> _TASK DIRECTIONS_:
Retype, without pictures, the line holding "Millions of men" and each line below it through the final line.

> _EXERCISE DATA_:
:::::
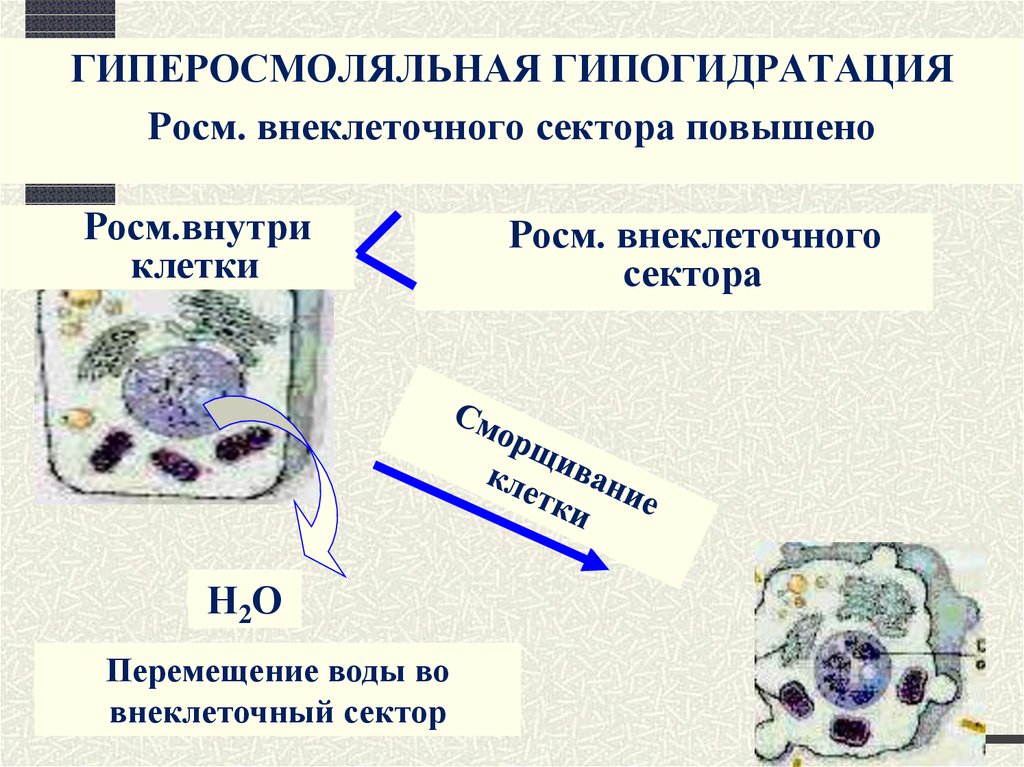 Гипогидратация. Перемещение воды из клетки. Клетки и внеклеточные структуры включения. Электролиты клетки.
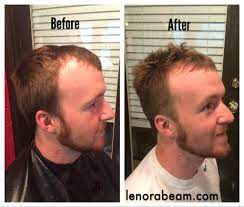 Millions of men and women suffer from hair loss throughout the united states, and the most common first sign is a receding hairline. Men S Hair Wella Rugged Fix Before And After Makeover Guy Hair Frisuren Geheimratsecken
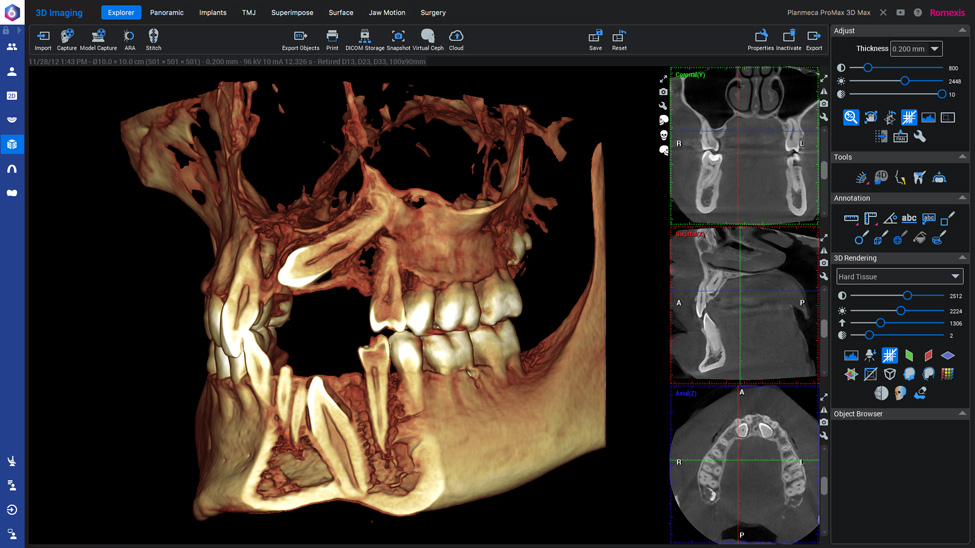 3D Imaging Software | Planmeca Romexis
:::::
> _OUTPUT FOR THIS TASK_:
 Millions of men and women suffer from hair loss throughout the united states, and the most common first sign is a receding hairline. Men S Hair Wella Rugged Fix Before And After Makeover Guy Hair Frisuren Geheimratsecken
 3D Imaging Software | Planmeca Romexis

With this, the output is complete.